The Child Care Act stipulates, she said, that all child-care homes must be registered. “There are, however, instances where groups or individuals establish homes without prior consultation with the Department of Welfare.”

An investigation last August by the Inter- Ministerial Committee on Young People at Risk (IMC) found that only 30% of youth care staff in places of safety are qualified in child and youth care.

The IMC, headed by Fraser-Moleketi, has recommended drawing up an ethical code of conduct for residential care facilities and a strict code of conduct for staff.

Fraser-Moleketi said: “We are in the process of taking our residential care policy further in working towards minimum norms and standards for state institutions as part of the residential care system.”

According to the chief social worker at Gauteng’s Department of Welfare, Annette van Loggerenberg, regional welfare homes “don’t submit inspection reports unless any serious matters arise.

`Homes are then given three to six months to reply or to rectify the problems,” she said.

Cases of child abuse are immediately reported to the police child protection unit, she added.

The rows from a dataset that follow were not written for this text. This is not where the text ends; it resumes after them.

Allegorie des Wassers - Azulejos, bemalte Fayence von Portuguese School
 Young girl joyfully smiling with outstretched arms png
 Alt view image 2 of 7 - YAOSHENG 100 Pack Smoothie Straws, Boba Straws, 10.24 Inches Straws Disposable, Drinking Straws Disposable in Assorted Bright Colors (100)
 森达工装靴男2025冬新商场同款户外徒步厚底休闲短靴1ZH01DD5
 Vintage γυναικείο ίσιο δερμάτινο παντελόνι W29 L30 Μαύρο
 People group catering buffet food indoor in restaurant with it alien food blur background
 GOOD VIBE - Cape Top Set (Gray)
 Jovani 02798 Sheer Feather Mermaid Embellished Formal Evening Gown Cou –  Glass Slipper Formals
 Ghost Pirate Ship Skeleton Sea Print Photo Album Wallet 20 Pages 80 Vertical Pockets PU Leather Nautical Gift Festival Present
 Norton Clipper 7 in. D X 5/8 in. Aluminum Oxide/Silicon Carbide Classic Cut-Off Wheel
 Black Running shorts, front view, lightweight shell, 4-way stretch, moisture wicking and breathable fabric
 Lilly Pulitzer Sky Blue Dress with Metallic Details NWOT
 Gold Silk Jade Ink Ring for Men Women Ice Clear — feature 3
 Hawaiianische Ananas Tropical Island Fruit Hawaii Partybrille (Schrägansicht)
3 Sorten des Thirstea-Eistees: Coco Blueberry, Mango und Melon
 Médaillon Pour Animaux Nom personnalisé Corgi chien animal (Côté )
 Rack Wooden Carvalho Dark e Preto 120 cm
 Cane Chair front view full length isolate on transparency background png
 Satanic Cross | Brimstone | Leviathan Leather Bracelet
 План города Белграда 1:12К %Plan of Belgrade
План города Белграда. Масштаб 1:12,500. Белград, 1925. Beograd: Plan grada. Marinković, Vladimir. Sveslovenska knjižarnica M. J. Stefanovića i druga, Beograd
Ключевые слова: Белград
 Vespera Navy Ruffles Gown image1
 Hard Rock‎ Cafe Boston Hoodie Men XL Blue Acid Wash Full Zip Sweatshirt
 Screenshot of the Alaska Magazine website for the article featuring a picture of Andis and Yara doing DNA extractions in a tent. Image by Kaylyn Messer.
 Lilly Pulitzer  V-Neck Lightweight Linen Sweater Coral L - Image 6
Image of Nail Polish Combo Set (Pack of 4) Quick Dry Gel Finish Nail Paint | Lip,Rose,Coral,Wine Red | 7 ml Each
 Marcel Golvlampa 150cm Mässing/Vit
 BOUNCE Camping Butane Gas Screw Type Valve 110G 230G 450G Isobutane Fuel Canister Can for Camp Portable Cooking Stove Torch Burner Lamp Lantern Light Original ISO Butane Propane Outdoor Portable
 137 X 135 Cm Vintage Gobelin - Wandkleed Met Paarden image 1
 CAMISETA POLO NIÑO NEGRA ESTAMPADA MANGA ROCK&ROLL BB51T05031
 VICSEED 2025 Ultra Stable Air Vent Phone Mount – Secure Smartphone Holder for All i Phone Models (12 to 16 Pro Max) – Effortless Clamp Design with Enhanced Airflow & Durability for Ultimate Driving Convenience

Although provision is made in the Child Care Act to inspect – and, if necessary, close down – unregistered homes, inspections are only carried out once every three years by provincial welfare departments, said Van Loggerenberg.

Despite the legal provisions and safeguards, even one of the country’s most prominent child-care residences is currently involved in horrifying reports. The Johannesburg Children’s Home in Yeoville has been thrust into the spotlight as a result of criminal charges being brought against a former senior official. James Arthur Frazer was earlier dismissed by the home after allegations that he had raped and molested children in his care.

In an earlier case, in 1993, the founder of the Cape Town City Mission Home for Children, the Reverend Bruce Duncan, was accused of sodomising Raymond Mitchell, a child-care worker, at the home. Later that year Mitchell was sentenced to four months’ imprisonment for indecently assaulting a boy. Duncan fled the country before any charges were brought.

In Durban, Livingstone Jacobs, the founder of the child-care home, Street Children’s Shelter, appeared in court late last month on charges of indecently assaulting several children in his care.

The home was unregistered and was run by the Children’s Rights Ministry, a group headed by Jacobs. The home has since been closed down by the KwaZulu-Natal Social Welfare Department.